A young man is accosted by a beautiful and mysterious young woman who has great and frightening powers. Although the young man is initially fascinated by the woman, he is also taken aback by her forwardness and scared of her latent and obvious sexuality. Sounds like our "special couple", Ataru and Lum, from the first essay, but I am thinking here instead of a number of other very popular and successful anime series which use this formula quite shamelessly.

A reader of my first essay in this series pointed out quite astutely that American television shows such as "Bewitched" and "I Dream of Jeanie" exposed the world to this plot line in the 1960's. But the heroes in those two TV series were quite straight-laced and not hopeless skirt-chasers like Ataru Moroboshi in "Urusei Yatsura". (Yet, despite the long running popularity of those series and the characters in them, I suspect that if most people were asked to identify Larry Hagman's most memorable role they would more likely remember his lascivious and totally amoral role as J.R in "Dallas" rather than his "all-American boy" astronaut role in "Jeanie". )

One of the anime series that recaptures the "innocence" of Bewitched or Jeanie very well is, of course, the Tenchi series. This extremely successful and popular series has undergone a number of character and plot line modifications during its run of two OAV series, two TV series and three movies, but one thing remains constant - Tenchi's inability to deal with the girls in the show. Granted, that is a driver for the comedy, but why is Tenchi so up-tight?

Tenchi is embarrassed by Ryoko's forwardness, but at the same time when they are alone he encourages her with promises of "someday". Tenchi nobly goes out to save Ayeka when she is in danger but when he has succeeded he leaves her to return to anonymity. Only with Sammy does Tenchi seem at ease. ( Is this an ominous hint of a "Lolita complex" ? ) Is it the power that is embodied within Ryoko and Ayeka that frightens Tenchi off? Only in the third movie does Tenchi finally have sex, but this is an older, transformed Tenchi who is "bewitched" by his captor. Even at that he is a reluctant mate for Haruna, despite her obvious charms and the traditional domestic environment that she set up for the two of them.

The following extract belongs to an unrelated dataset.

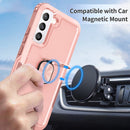 For Samsung Galaxy S22+ 5G 3 in 1 Ring Holder PC + TPU Phone Case(Rose Gold)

In contrast, in a boring example of what makes "hentai" anime so often worthless, the "heroine" in "Sakura Tuushin" hunts down her "choice" in the hotel where he is staying while he tries to concentrate on his university entrance exams. Now that Sakura has found him, she disrobes, crawls into bed, turns her back to him and makes little "submissive" moans for him to come and take her. For the "hero" to do so would obviate this pitiful excuse for dramatic tension, such as it is, so of course, the hero refuses and throws Sakura out into the hallway. So is it a lack of submissiveness on the part of Ryoko and Ayeka that turns Tenchi off?

Let's look at another famous anime that almost glorifies submissiveness and passiveness, "Ah My Goddess". The hero, Keiichi is a "nerd amongst men" and bemoaning his fate when he causes Belldandy to appear before him. Here is the girl of his dreams, available to grant any wish and unlike Ryoko, totally non-threatening. But Keiichi is frightened of the potential problems that could be caused by Belldandy. Is Keiichi so used to being a loser that he is frightened of actually winning for a change?

To an extent the situation is similar to the opening part of the movie "Risky Business" in which Tom Cruise's character is effectively emasculated by the vision he has of his future being totally ruined if he has sex with his girlfriend. Yet at the same time he is tormented by his dreams of hot sex with an unknown beauty. But unlike the hero in "Risky Business", Keiichi continues to struggle against his desires, even when others encourage him to do otherwise.

When Keiichi's sister shows up, she gives Keiichi a knowing smile and congratulates him on finding a girl. She automatically assumes that Keiichi and Belldandy are doing more than "playing gin rummy". When the uninhibited Urd shows up Keiichi's struggles become even more difficult. Urd knows that Keiichi was interested in "taking advantage" of the situation when he didn't realize that Urd was Belldandy's big sister. Urd can't understand why Keiichi doesn't "do what is natural" with Belldandy. And when Skuld shows up Keiichi shows a comfort level with the youngest sister, similar to that of Tenchi with Sammy in that series. Essentially, both Skuld and Sammy are too young to be threats to the older heroes.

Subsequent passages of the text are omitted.